尽管原来已经有所预料,但当曾志明确地说出这个意思,康克清还是感到突然,一幕幕的情景又在她的脑海里映现出来。
也许因为从小就当童养媳,稍长大后又被叫做“媳妇王”的原因,所以她从懂事的时候起,就把劳动妇女的苦处看在眼里,记在心里。她和差不多大的姑娘特别是其中的童养媳聚在一起,总是有倒不完的满肚子苦水,婆婆打,小姑子骂,有的饭都不给吃饱,有的身上被烧红的火钳烫出烙印,有的脚板被打出一条血口子。不是童养媳的,也免不了有一天被轿子抬走,碰好碰歹,真的要看“命运”的安排了。对这些姑娘来说,摆在前面的,是个漆黑的无底洞,她们在叹息。有人曾提出逃跑,但又怕被抓回来活活打死。1925年以后,她们又私下里议论当女兵,也有人说,那可不是闹着玩的……
此时,她想到自己上井冈山,就包含着反对包办婚姻的目的。她曾对养母说过:“我的婚事你不要操心,我自己会做主。”现在,关于婚事,就摆在她的面前,要她自己作主,她却有些慌乱了,又是摇头,又是摆手,连声说:
“别开玩笑,这怎么可能!”
“不是开玩笑,是真的。朱军长十分喜欢你,组织上希望你能同他结合”曾志问。
康克清不说话了,她自己也说不清楚。少女的心本来就是个谜,康克清也不例外。她说:“我已经有了人。”
康克清说的是实话,从上井冈山开始,有一个人给她留下了好印象,希望能与他终生作伴。
曾志以为康克清不满意朱德,就说:
“朱军长参加领导过南昌起义,在最困难的时候,领导一支部队艰苦转战,上了井冈山。这些你可能都已经知道了。”
康克清点点头,心里却说,这和结婚两码事,他是军长,我是个刚参军的红军战士,我们之间的差距太大了。
“军长是个好人。”曾志继续说,“打从伍若兰牺牲,他精神上很痛苦。你和他结婚,可以从生活上帮助他,给他最大的安慰。”
“我不像伍若兰那样有文化,她字也写得漂亮,能讲那么多道理。”康克清说。
曾志看看面前的这位农村姑娘,又说:
“伍若兰同志牺牲了,军长一个人很孤单,身边需要有个能协助他的女同志,我们都认为你挺合适的。”

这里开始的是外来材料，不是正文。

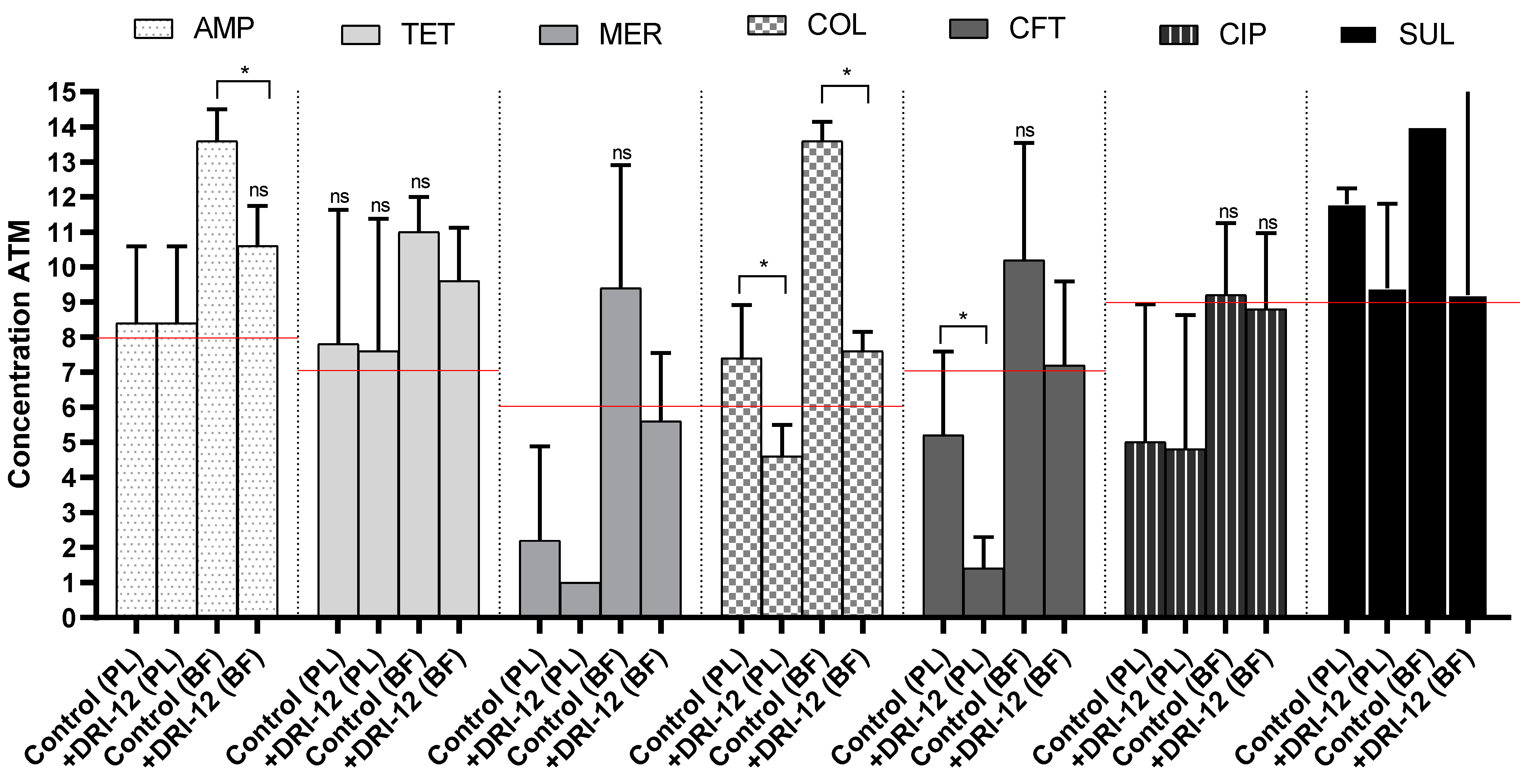 Antibiotics 11 00388 g001 Antibiotics 11 00388 g001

康克清低着头,一只手捻着衣角,没有说话。此刻,她的心情复杂极了。不同意?曾志说了这么多;同意,她又下不了决心。果断的姑娘啊,在个人的婚姻问题上,却没有了主张。曾志可能看出了她的心理活动,说:
“当然,这件事还得你自己拿主意,你再想一想吧!”
朱老总亲自求婚
下午,朱德亲自前来求婚,说:“我们干革命反封建,有话就直说。我很喜欢你,觉得你好学上进,工作大胆泼辣,有许多优点,是很有前途的同志。希望你能同我结婚。虽说我们彼此有些差距,但这不会妨碍我们。结了婚,我会帮助你,你也可以给我许多帮助。我们会成为很好的革命伴侣,你能答应我吗?”

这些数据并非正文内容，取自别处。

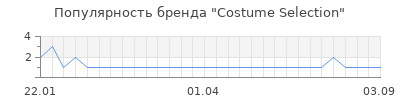 Популярность costume selection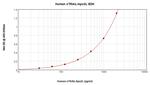 Human TRAIL (Soluble) ELISA Development Kit (ABTS)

康克清没回绝,可也没答应。她回到住室,想找女伴们商量一下,可她们都不在。直到吃晚饭时才见到。她们都在看她,有个女伴还朝她做了鬼脸。一个女伴走过来说:
“我们已经听说了,军长是个好人,他现在一个人也怪可怜的,你就答应了吧!”
“是呀,军长也喜欢你,你就和他结婚吧。”
康克清没有吭声,心想,要是让你们嫁给他,你们也这么轻松吗?
看到康克清沉默不语,伙伴们知道她心里想得很多,斗争很激烈,也就不再说什么了。还是让她自己冷静地想一想吧,这样的事,别人谁能代她做出决定呀!

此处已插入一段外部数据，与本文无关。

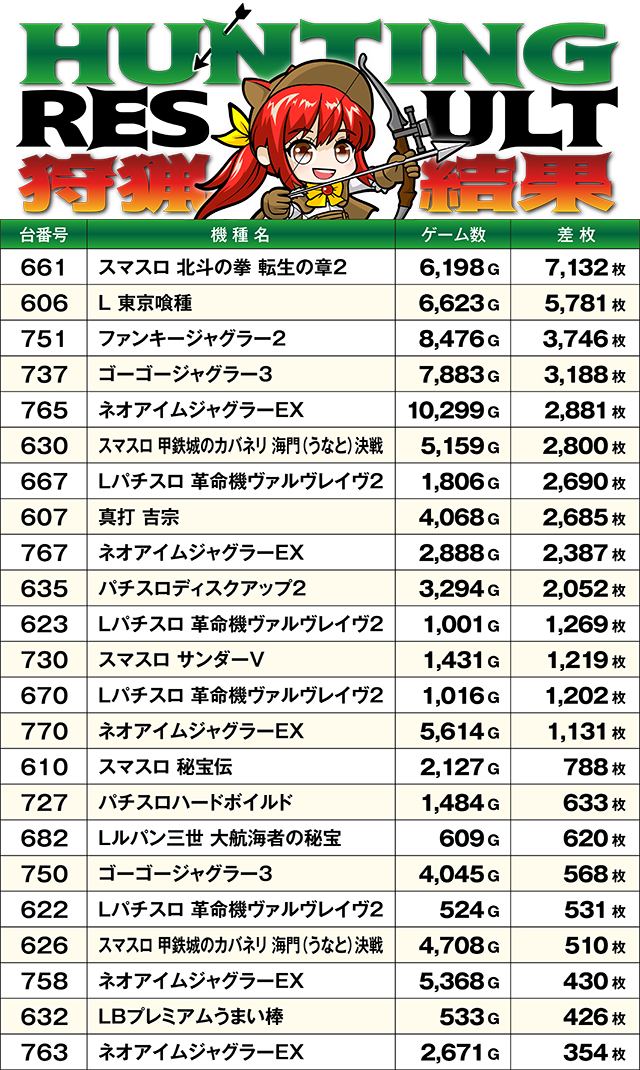 https://cdn.p-town.dmm.com/editor/ライティングZERO/SLOT_HUNTING/kekka/2026/05tsuki/0524_sakura/top.jpg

夜里,康克清躺在床上,却怎么也睡不着,她同挨着铺的张良说话,可张良很快就睡熟了。她眼睁睁的,想得很多,而且很乱。
这并不难理解。结婚,是人生的一件大事。一个姑娘对这样的事,总是小心而慎重的。康克清曾经不止一次憧憬过,以后能有个好丈夫,两个人和和美美、相亲相爱地生活。至于找个怎样的好丈夫,怎样过和和美美、相亲相爱的生活,都是十分模糊的。现在有个实实在在的人出现在面前,就使她作难了。何况又是她尊敬的军长呢?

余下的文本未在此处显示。